I went to Jane and held her. "It's all right," I said.

"No, it's not," Jane said. She gave a small, bitter laugh. "I know what Szilard was thinking, you know. He thought he was helping me—helping us— by making me more than human. He just doesn't know what I know. When you make someone more than human, you make them less than human, too. I've spent all this time learning to be human. And he takes it away without a second thought."

"You're still you," I said. "That doesn't change."

"I hope you're right," Jane said. "I hope that it's enough."

SIX

"This planet smells like an armpit," Savitri said.

"Nice," I said. I was still putting on my boots when Savitri had walked up. I finally yanked them on and stood.

"Tell me I'm wrong," Savitri said. Babar roused himself and walked over to Savitri, who gave him a pat.

"It's not that you're wrong," I said. "I just thought you might have a little more awe at being on an entirely new world."

"I live in a tent and pee in a bucket," Savitri said. "And then I have to carry the bucket across the entire camp to a processing tank so we can extract the urea for fertilizer. Maybe I'd have more awe for the planet if I didn't spend a fair portion of my day hauling my own waste across it."

"Try not to pee so much," I said.

"Oh, thanks," Savitri said. "You've just sliced through the Gordian knot with that solution. No wonder you're in charge."

"The bucket thing is only temporary, anyway," I said.

"That's what you told me two weeks ago," Savitri said.

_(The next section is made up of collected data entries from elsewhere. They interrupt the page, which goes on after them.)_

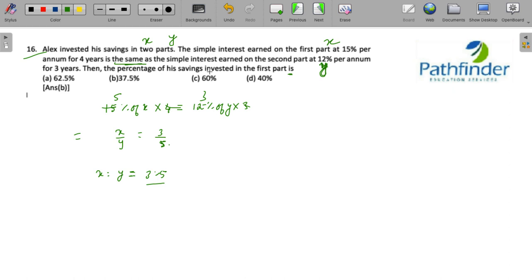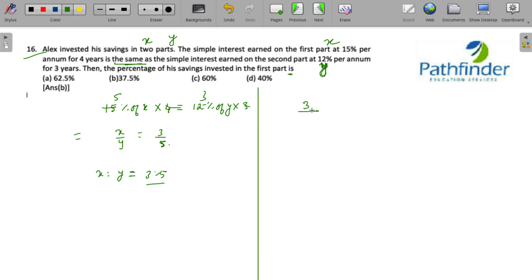But the question is the percentage of his saving invested in first part. So how do you solve that question? Three upon three plus five, this is the total saving, multiplied by hundred. This must be thirty seven point five percent, which is your answer.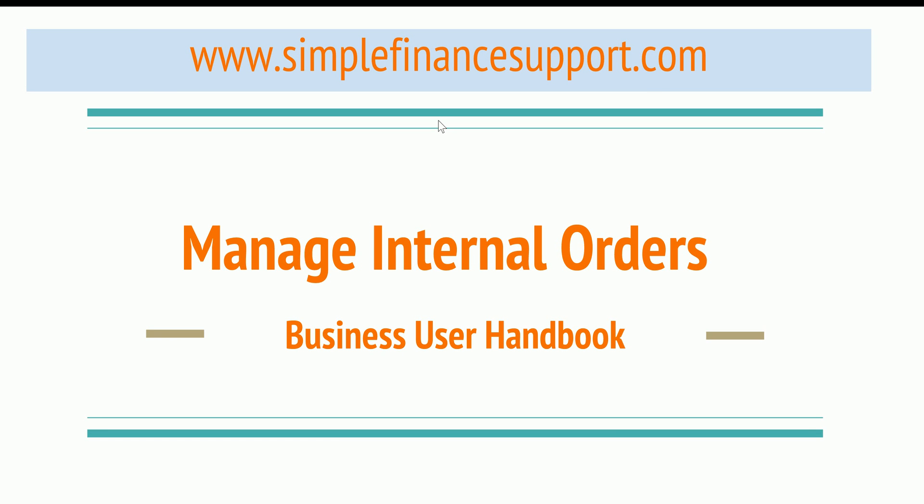Welcome to simplefinancesupport.com. Today in this session I would like to go over manage internal orders from the business user point of view and how a particular internal order is managed.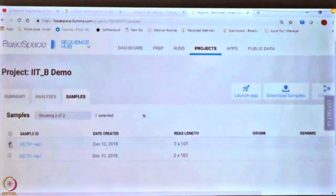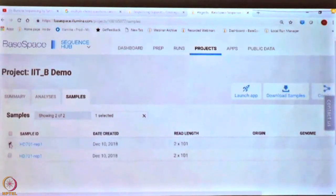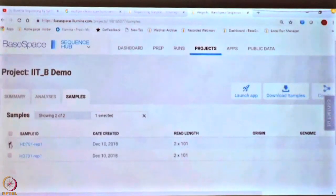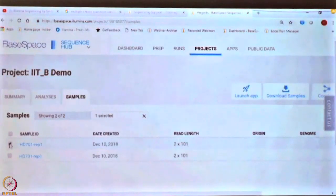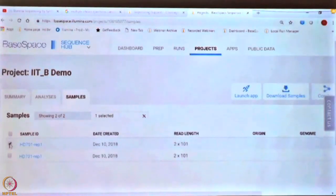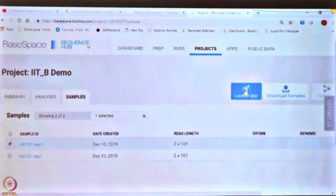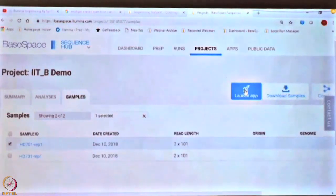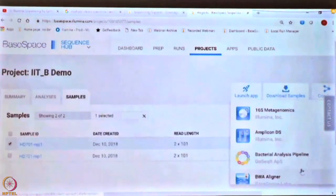What I wanted to show you now is launching an analysis. Once you have your data in BaseSpace, how do you launch an analysis? There are multiple apps or applications available on BaseSpace. This particular data was generated for a panel known as TruSight Cancer, available from Illumina, which is used to detect germline mutations. Select the sample that you want to run the analysis for and click on 'Launch App'. When you click on launch app, multiple options are available depending on the analysis you want to do.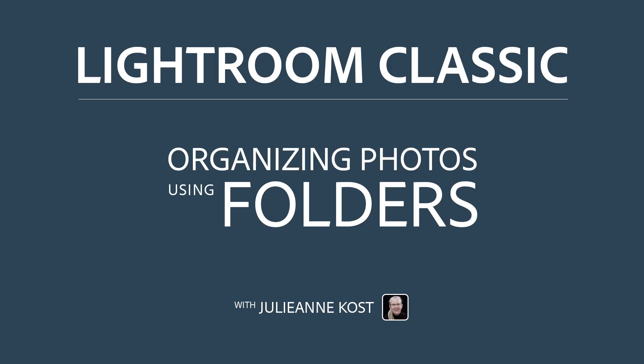Hi, I'm Julieanne Kost. Let's take a few moments to see how to work with the folder panel in Lightroom Classic in order to organize and manage our photographs.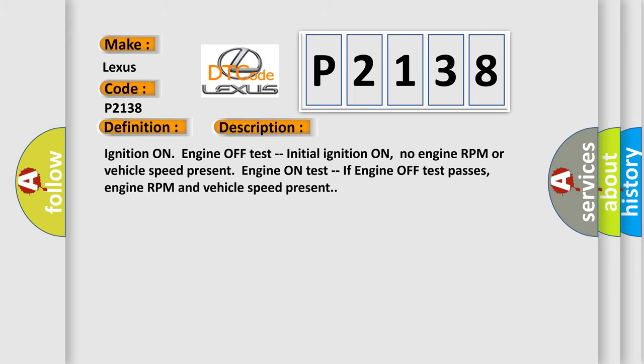Ignition on engine off test: Initial ignition on, no engine RPM or vehicle speed present. Engine on test, if engine off test passes, engine RPM and vehicle speed present.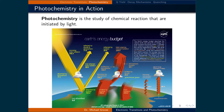Now that we've examined how molecules absorb and emit light, let's look at how light can drive chemical reactions. Photochemistry is the study of chemical reactions that are initiated by light. This image illustrates that there is a lot of energy coming from the sun in the form of light, and solar irradiation is an important driver of chemical reactions that sustain life on our planet.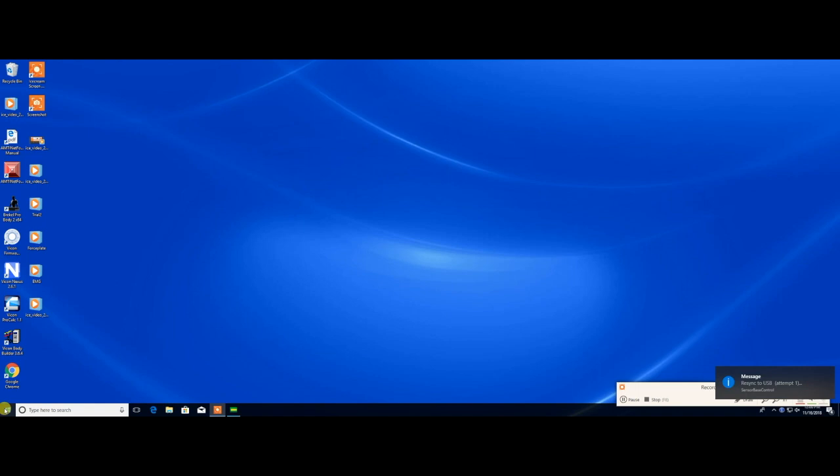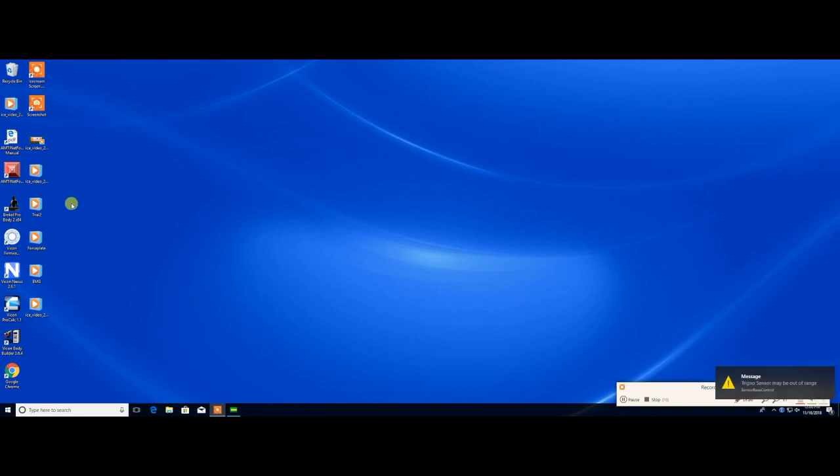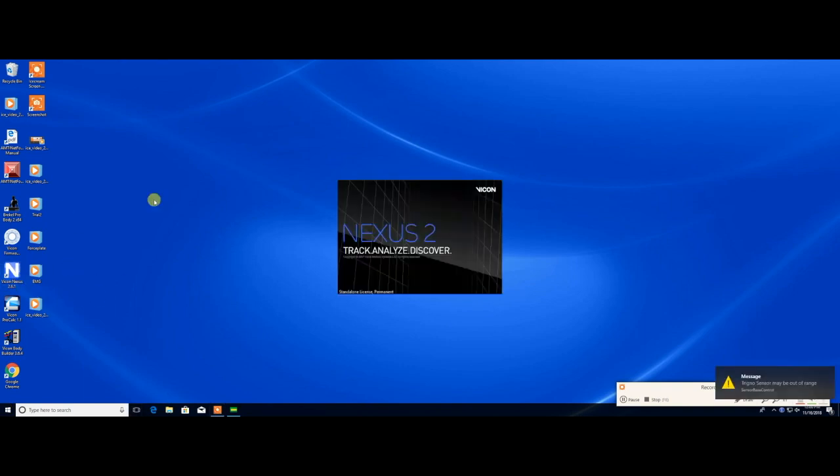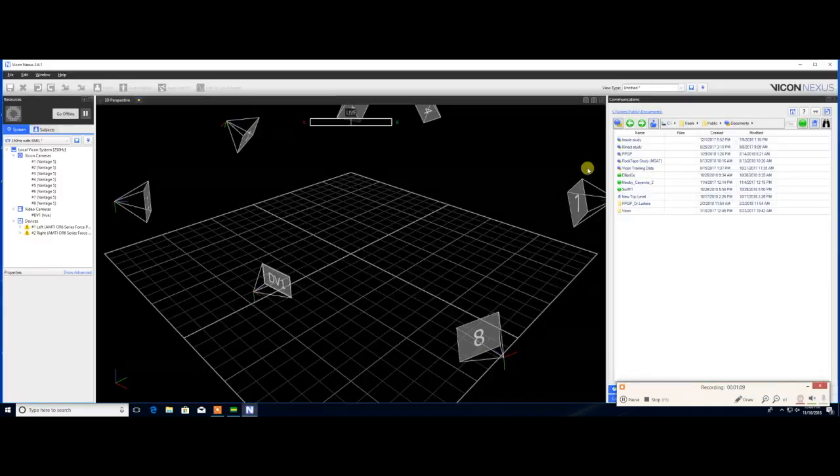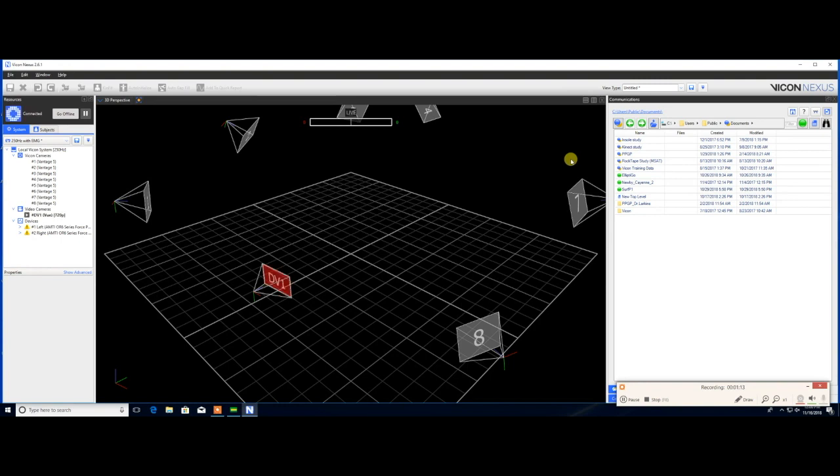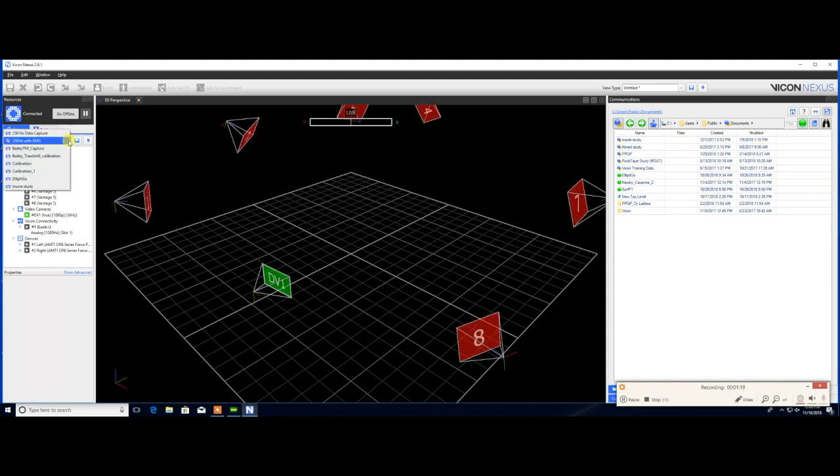After opening the DELSYS-Control utility, you can now open the Vicon program. Click on the Vicon Nexus 2.5.1 shortcut located on the desktop. Once this is opened, you will see a depiction of the Vicon motion capture system in the lab, and the cameras will begin connecting. On the left-hand side, you will see the recording frequency setting. Make sure that this is set to 250Hz with EMG.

"Well, I apologize, Savitri," I said. "I should have realized that two weeks is more than enough time for an entire colony to go from founding to baroque indolence."

"Not having to pee in a bucket is not indolence," Savitri said.

"It's one of the hallmarks of civilization, along with having solid walls. And taking baths, which everyone in this colony has taken too few of recently, I'll tell you that."

"Now you know why the planet smells like an armpit," I said.

"It smelled like an armpit to start," Savitri said. "We're just adding to the funk."

I stood there and inhaled greatly through my nostrils, making a show of enjoying the air. Rather unfortunately for me, however, Savitri was right; Roanoke did, in fact, smell all too much like an armpit, so it was all that I could do not to gag after filling my lungs. That being said, I was enjoying the sour look on Savitri's face too much to admit to swooning from the smell.

"Aah," I said, exhaling. I managed not to cough.

"I hope you choke," Savitri said.

"Speaking of which," I said, and ducked back into the tent to retrieve my own nightpail, "I've got some business of my own to take care of. Walk with me to dump this?"

"I'd prefer not to," Savitri said.

"I'm sorry," I said. "I made that sound like a question. Come on." Savitri sighed and walked with me down the avenue of our little village of Croatoan, toward the waste digester, Babar tagging along at our heels, except when he broke off to say hello to kids. Babar was the only dog in the colony who was a herding dog; he had the time to make friends. This made him both popular and chunky.

"Manfred Trujillo told me that our little village is based on a Roman legion camp," Savitri said, as we walked.

"It's true," I said. "It was his idea, actually." And a good one. The village was rectangular, with three avenues running the length of the camp parallel to each other and a fourth avenue (Dare Avenue) bisecting them. In the center was a communal mess hall (in which our carefully monitored food supply was doled out in shifts), a small square where the kids and teens tried to keep themselves occupied and the administrative tent that doubled as home for me, Jane and Zoe.

On either side of Dare Avenue were rows of tents, each housing up to ten people, usually a pair of families plus any additional singles or couples we could stick in. Sure, it was inconvenient, but it was also crowded. Savitri had been bunked in a tent with three families of three, all of whom had infant and toddler-aged children; part of the reason for her sour disposition was that she was running on about three hours of sleep a night. Since the days on Roanoke were twenty-five hours, eight minutes long, this wasn't a good thing.